The following is merely done for fun and for me to try out some things.
Nothing I do here should actually be considered statistically sound or something.

The following plot shows the proportion of shows airing (or that used to air) on a given day which are retired or active.
We can infer from this that “monday shows” get retired more often, relatively speaking.
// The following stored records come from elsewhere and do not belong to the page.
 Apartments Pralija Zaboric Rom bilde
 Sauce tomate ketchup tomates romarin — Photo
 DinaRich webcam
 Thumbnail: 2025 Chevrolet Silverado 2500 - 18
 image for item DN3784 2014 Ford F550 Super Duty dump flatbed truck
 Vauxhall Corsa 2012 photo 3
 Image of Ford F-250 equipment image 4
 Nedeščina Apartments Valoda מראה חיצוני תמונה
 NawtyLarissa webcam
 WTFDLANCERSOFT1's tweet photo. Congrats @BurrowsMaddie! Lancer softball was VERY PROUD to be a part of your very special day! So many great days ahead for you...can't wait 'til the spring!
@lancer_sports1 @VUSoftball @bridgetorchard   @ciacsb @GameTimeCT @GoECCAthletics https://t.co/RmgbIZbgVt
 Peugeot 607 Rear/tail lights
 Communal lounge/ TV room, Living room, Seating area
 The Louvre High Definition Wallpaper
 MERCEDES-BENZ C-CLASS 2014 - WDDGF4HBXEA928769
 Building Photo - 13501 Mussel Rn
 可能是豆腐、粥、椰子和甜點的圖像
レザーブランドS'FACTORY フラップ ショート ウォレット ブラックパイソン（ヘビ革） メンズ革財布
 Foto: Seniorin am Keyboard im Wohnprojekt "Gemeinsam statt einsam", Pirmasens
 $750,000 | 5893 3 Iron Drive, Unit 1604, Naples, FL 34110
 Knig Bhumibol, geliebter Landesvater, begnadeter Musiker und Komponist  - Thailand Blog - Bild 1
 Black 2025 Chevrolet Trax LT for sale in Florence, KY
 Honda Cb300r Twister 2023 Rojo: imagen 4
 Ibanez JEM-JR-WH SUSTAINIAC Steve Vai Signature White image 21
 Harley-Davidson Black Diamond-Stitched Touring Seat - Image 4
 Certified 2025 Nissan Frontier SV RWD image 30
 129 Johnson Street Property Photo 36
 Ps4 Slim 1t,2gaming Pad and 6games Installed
relay %>% count(show_status, weekday) %>% mutate(weekday = forcats::fct_rev(weekday)) %>% 
    group_by(weekday) %>% mutate(p = n/sum(n)) %>% ggplot(aes(x = weekday, p, 
    fill = show_status)) + geom_col() + coord_flip() + scale_y_percent() + scale_fill_brewer(palette = "Dark2") + 
    labs(title = "Relay.fm", subtitle = "Show Status by Publishing Day of Week", 
        x = "", y = "Proportion (within Day of Week)", fill = "Status", caption = caption) + 
    theme(legend.position = "top")

…Which, obviously, is bullshitty because podcasts don’t work like live television, and when a show is published should not by any means indicate whether or not it will be retired. At least I can’t think of any reason.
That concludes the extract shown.